> [Aim of the exercise]: Line by line, output everything from the one that contains "Happy Panda Stainless" through the end of the material below, exactly as written and with no pictures.

> [Given data]:
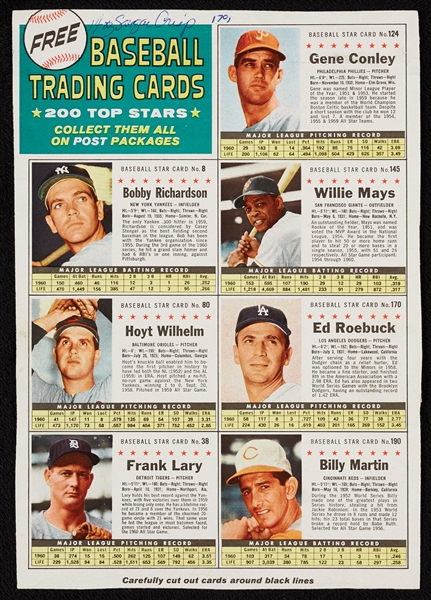 1961 Post Cereal Baseball Partial Set in Complete or Partial Panels (32 Panels – 195 Cards)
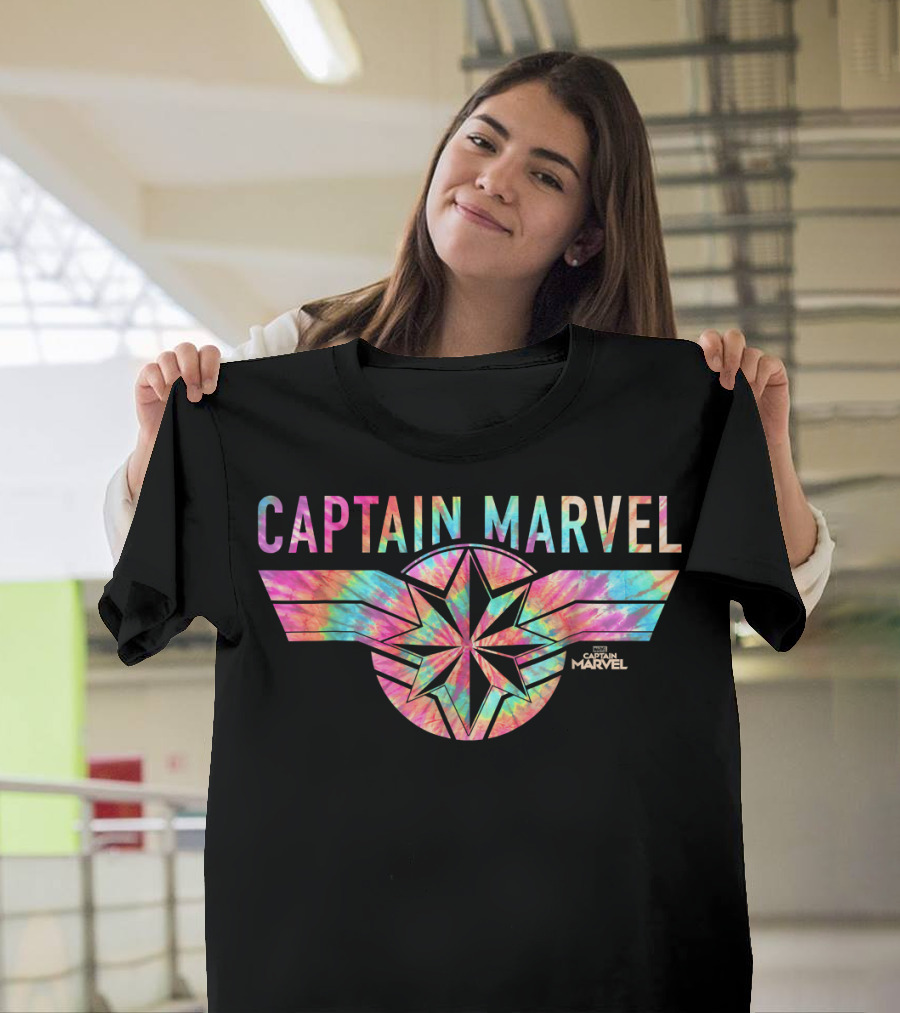 Captain Marvel Tie Dye Logo Banner Marvel Studios T-Shirt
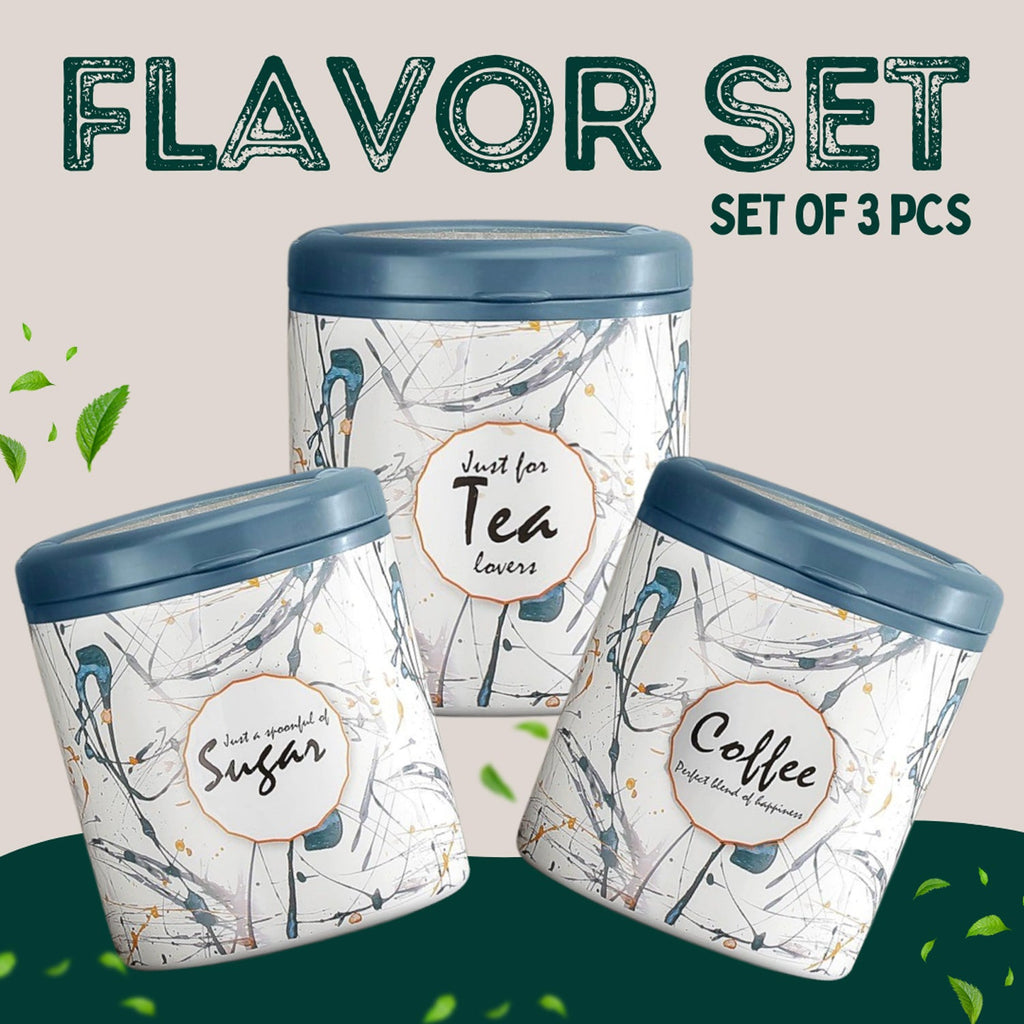 Multipurpose plastic tea, coffee, and sugar canister set with airtight lids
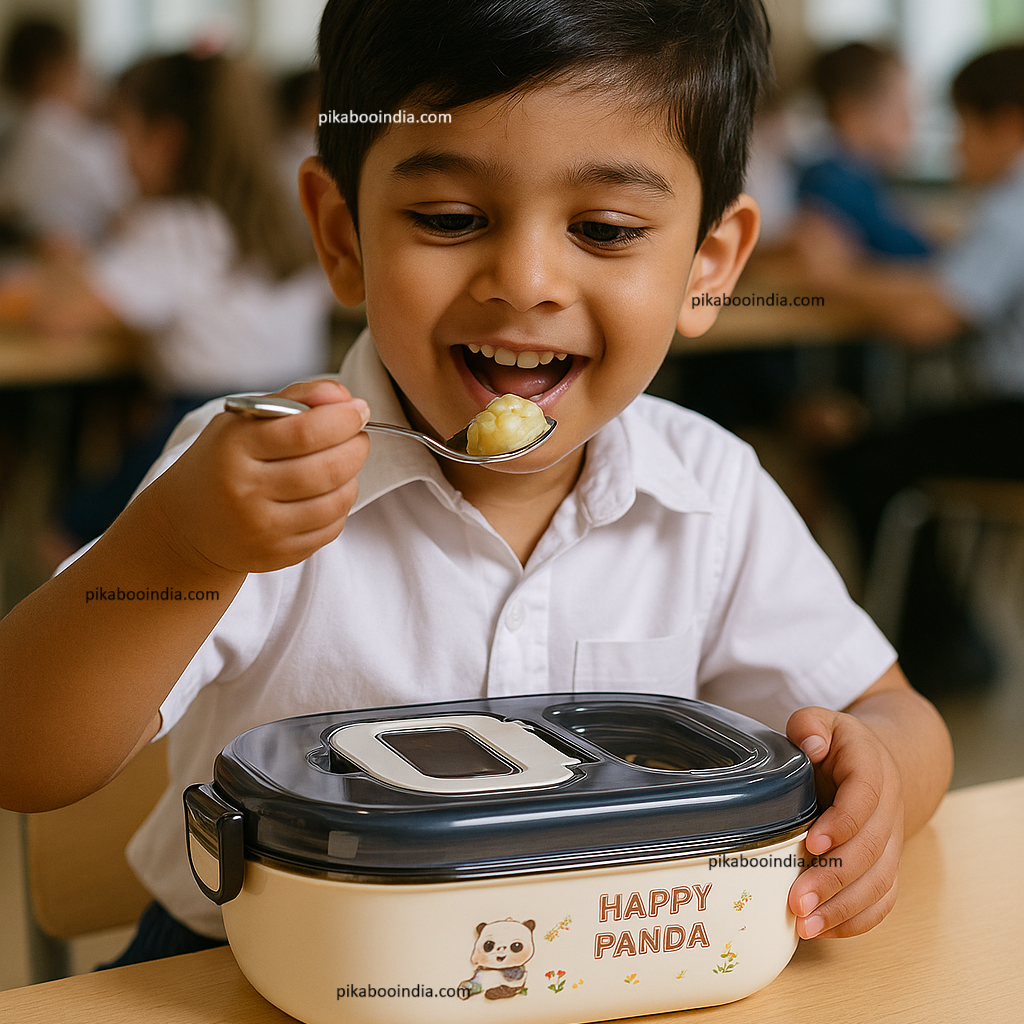 Happy Panda Stainless Steel Lunch Box | Insulated 4-Compartment Leak-Proof Tiffin with Bag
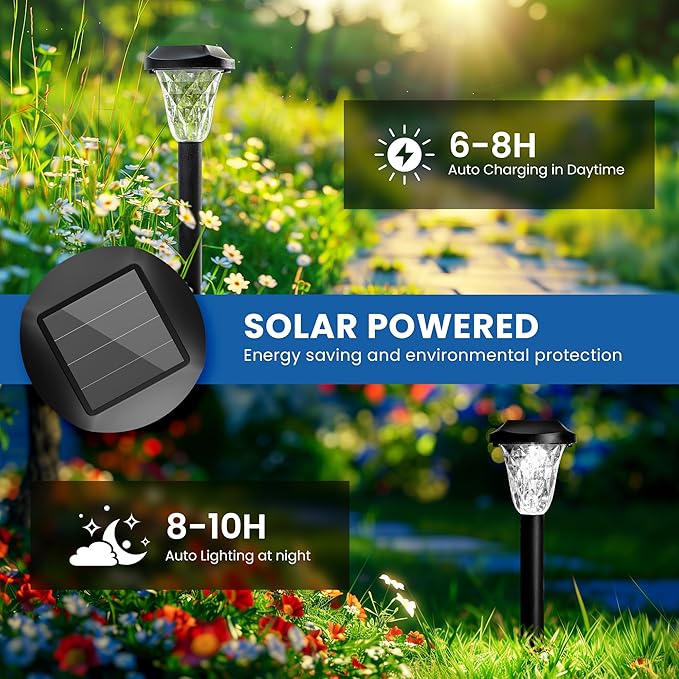 GIGALUMI Solar Outdoor Lights,Solar Lights Outdoor Waterproof 16 Pack,Cool White Solar Pathway Lights for Outside,Outdoor Lights Solar Powered Garden Decoration for Pathway,Patio,Lawn,Yard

> [Solution to the exercise]:
 Happy Panda Stainless Steel Lunch Box | Insulated 4-Compartment Leak-Proof Tiffin with Bag
 GIGALUMI Solar Outdoor Lights,Solar Lights Outdoor Waterproof 16 Pack,Cool White Solar Pathway Lights for Outside,Outdoor Lights Solar Powered Garden Decoration for Pathway,Patio,Lawn,Yard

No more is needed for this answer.